Cheap and Secure Web Hosting Provider : See Now

# Complexity of testing membership in a disjoint set

, ,
Problem Detail:

I have a disjoint set data structure (sometimes known as a union-find data structure) where I store a value in each "node". I want to look up a node by value. How can I do this?

The representations normally discussed in literature, both linked list and forests, deal with operations being given nodes (of the linked list or forest), not values contained therein, which avoids any difficulty caused by having to find the node that contains a given value. From what I can see, the question of whether a given disjoint set contains in any subset a given value, or finding the node that contains a given value if one exists, is scarcely touched by the literature.

However, given values, this question needs to be addressed for an implementation of what the CLRS Introduction to Algorithms calls `Make-Set(x)` if one wishes to not trust the user of the API to always know what is and is not in the set, as it has a prerequisite that `x` does not already exist in the set.

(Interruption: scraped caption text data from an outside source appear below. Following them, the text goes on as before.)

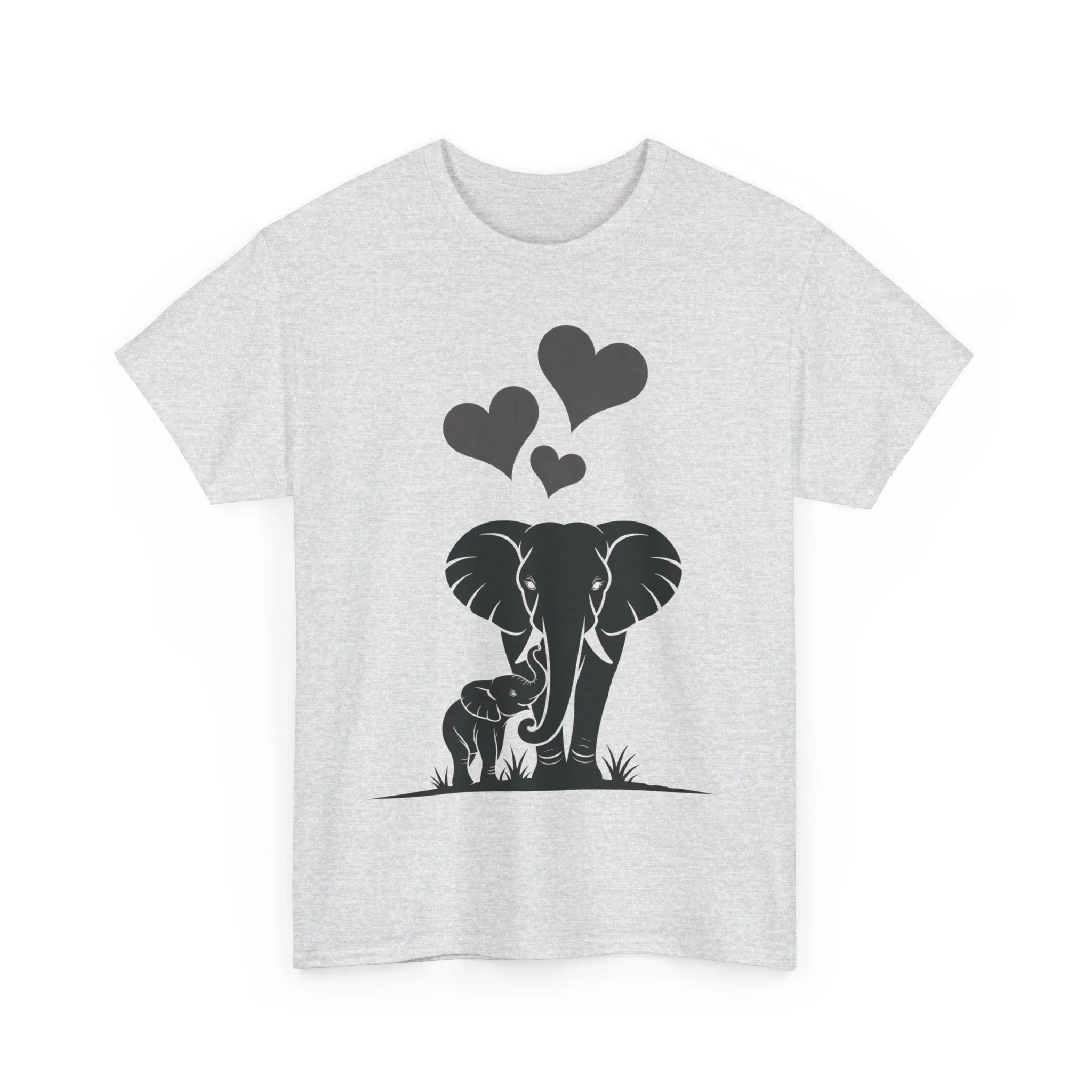 Elephant Mom and Baby T-Shirt, Elephant Love Cotton Tee, Cute Animal Shirt, Animal Lover Gift, Cute Minimalist Elephant Design - Image 2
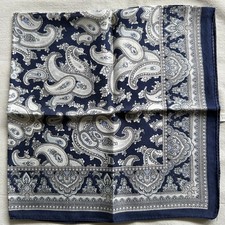 Vintage Blue White Silk Scarf Paisley Flourish Pattern Classic Neckerchief 20"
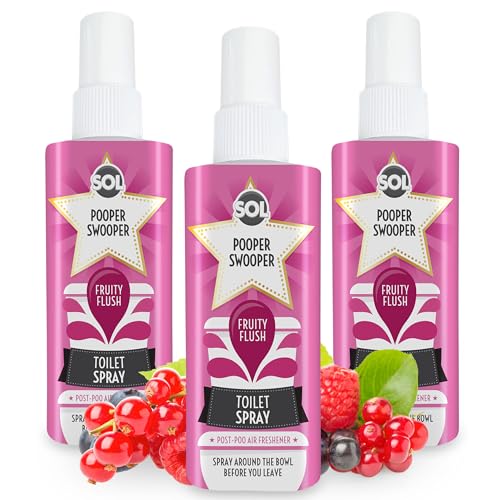 SOL 3pk x 60ml Pooper Swooper Toilet Spray Fruity Flush Fragrance, Odour Masking Air Freshener Refresher for Public Bathrooms, Offices and Home, Travel-Friendly Cleaning Solution for Poo Odours
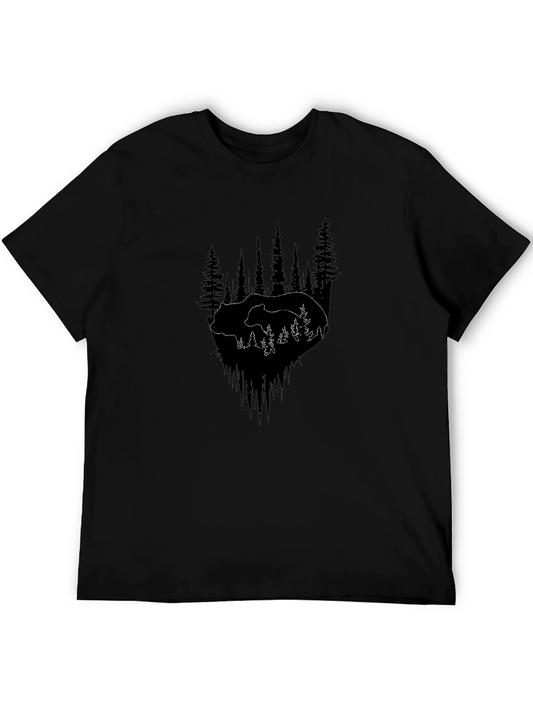 Bear & Forest Graphic Tee - Nature Lovers Black T-Shirt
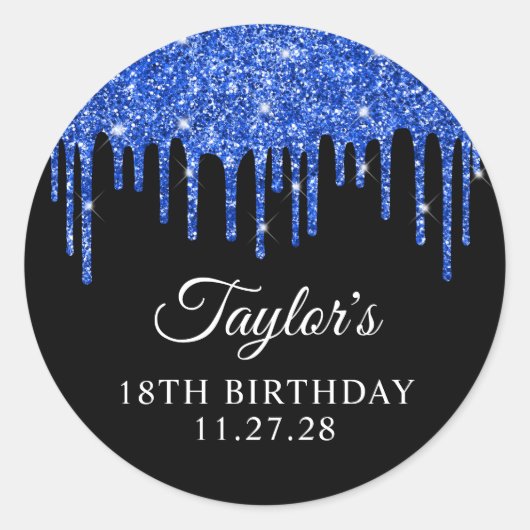 Sticker Rond Parties scintillant Bleue Royale sur Noir 18e anni (Devant)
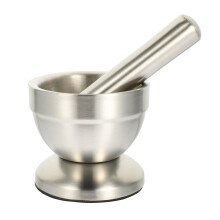 3Sets Metal Garlic Grinding Bowl and Pestle Set Silver for Kitchen Use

With both representations, I see no way better than \$O(n)\$ to check membership, as one must always check all nodes for equality. Obviously one could maintain a separate mapping of values to nodes for the set, with \$O(log n)\$ lookup given an ordered value type, but this means duplicating the whole set in memory. Is there any way to represent a disjoint set while being able to test set membership in less than \$O(n)\$ time without duplicating the data?

There's an easy way to find the node that contains a given value. You have two data structures: a union-find data structure (that keeps track of which nodes are in the same equivalence class), and a hashtable (that maps from a value to the node(s) that contain that value).

The MakeSet operation adds a new set to the union-find data structure and adds a new entry to the hashtable. The Union operation and Find operations use only the union-find data structure. The "look up a node by value" operation uses the hashtable.

The running time of the MakeSet, Union, and Find operations is as in the underlying union-find data structure. (MakeSet incurs an extra \$O(1)\$ (expected, amortized) time to insert into the hashtable, but this doesn't change the overall running time of MakeSet.) The running time of looking up a node by value is \$O(1)\$ (expected, amortized) time, if you have a good hash function and if each value is only found in a single node.

This doesn't require duplicating the data, if you use pointers in lieu of duplicating: each entry in the hashtable can have a pointer to the node, and each node has a pointer to the value, so values and nodes aren't duplicated. Of course, this does increase the memory usage (by at most a constant factor); nothing is free in life.